I’ve recently encountered specific problem and I am ashamed to admit that I am quite stuck. Suppose that I have random sample of data for which I want to calculate e.g. 95th quantile. Suppose that it is reasonable to fit normal distribution $N(\mu, \sigma^2)$ for this sample. I need to estimate parameters $\mu$ and $\sigma^2$ first in order to calculate the quantile (suppose that they are uknown in practice). The straightforward way is then to obtain quantile of normal distribution with estimated parameters. But I’ve encountered question whether the quantile cannot be calculated by using the Student’s distribution quantile such as $$ \overline{x} + t_{0.95}(n-1)\cdot s, $$ where $\overline{x}$ is sample mean, $s$ is sample standard deviation and $n$ is the size of the sample.
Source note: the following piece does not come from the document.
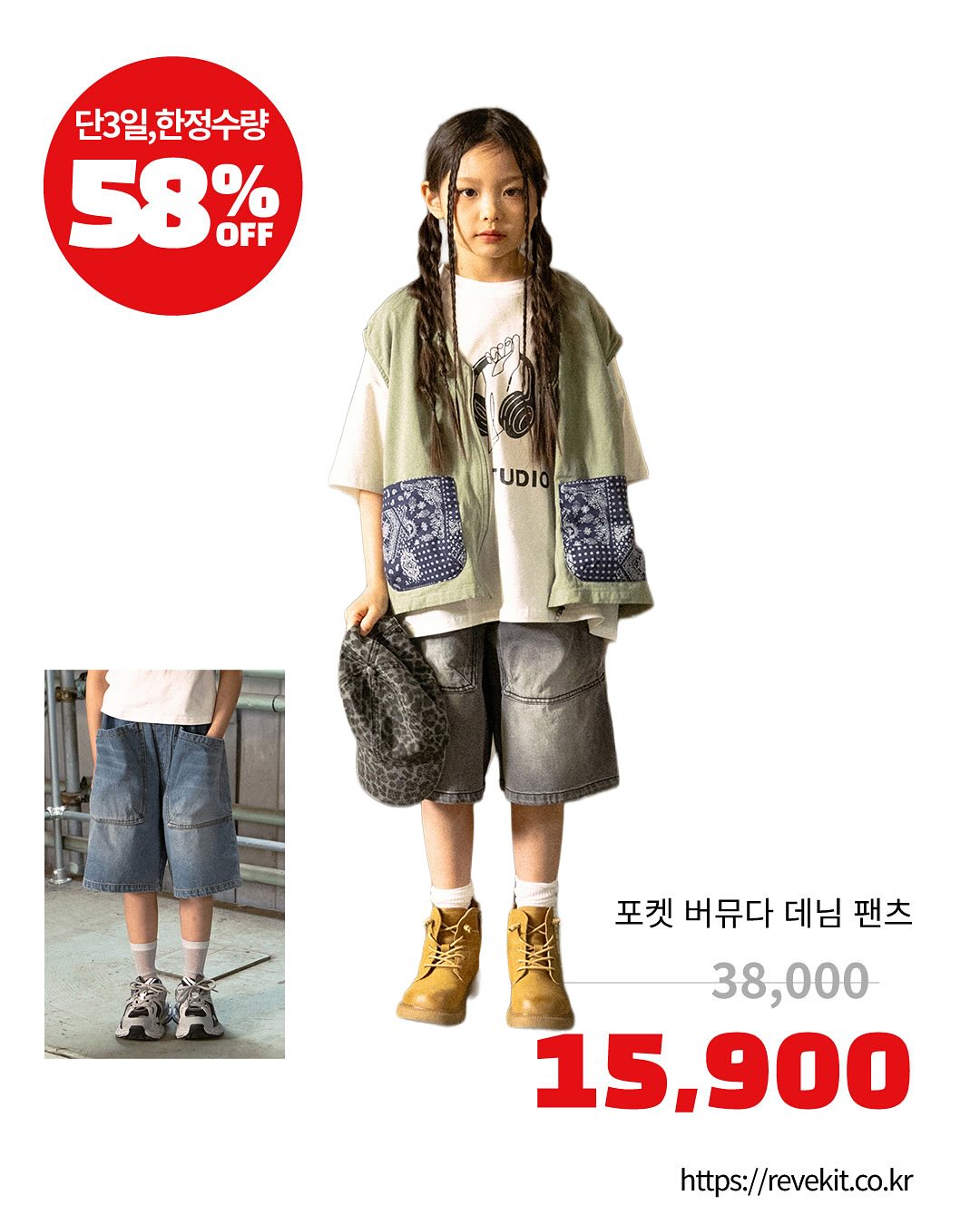 소문의 낙원 입체 그림 만들기 9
I am failing to justify why I can’t use the Student’s quantile (apart from argument that it is different distribution) since it resembles me the idea of confidence interval construction (where the upper bound can be perceived as quantile) for the expected value parameter $\mu$ (even though I know this is not the goal now). In this situation I also use the estimate for unknown variance parameter and, therefore, it intuitively leads me towards the Student’s distribution. Could somebody provide me with different insight? Thank you!
1 Answer
You can do this, and it should give you a better estimator (lower expected mean square error) than just taking the $95\%$ quantile of your data if your sample size were large enough to allow this. Simulate it and see, and in particular note how much uncertainty there is with small to medium sized samples. Whether it is the best estimator is a different question: for very small $n$, I suspect $\overline{x} +\sqrt{\frac{n^2-1}{n^2}} t_{0.95}(n)\cdot s$ may be better and there may be others which are better still.
As an illustration, here is a simulation with $\mu=77$ and $\sigma=14$ so the $95$th percentile of a normal distribution should be close to $100$. With a sample size of $n=100$, your estimator is distributed as the black empirical density below and mine in red (they almost exactly overlap), while the blue line is an estimator directly taking the quantile from the data while ignoring the fact we know it was sampled from a normal distribution.
That used the following R code:
est <- function(sampsize, p, simmean=0, simsd=1){ x <- rnorm(sampsize, simmean, simsd) mx <- mean(x) sx <- sd(x) return(c(mx, sx, quantile(x, p), mx + qt(p,sampsize-1)*sx, mx + qt(p,sampsize)*sx*sqrt((sampsize^2-1)/sampsize^2) )) } set.seed(2025) p <- 0.95 sampsize <- 100 simmean <- 77 simsd <- 14 cases <- 10^5 sims <- replicate(cases, est(sampsize, p, simmean, simsd)) plot(density(sims[5,]), col="red" ) lines(density(sims[4,]), col="black") lines(density(sims[3,]), col="blue") abline(v=qnorm(p, simmean, simsd)) If instead this had used a much smaller sample size, say $n=4$, the density of the estimators would be much more widely spread, and mine in red would appear to tend to perform better than yours in black.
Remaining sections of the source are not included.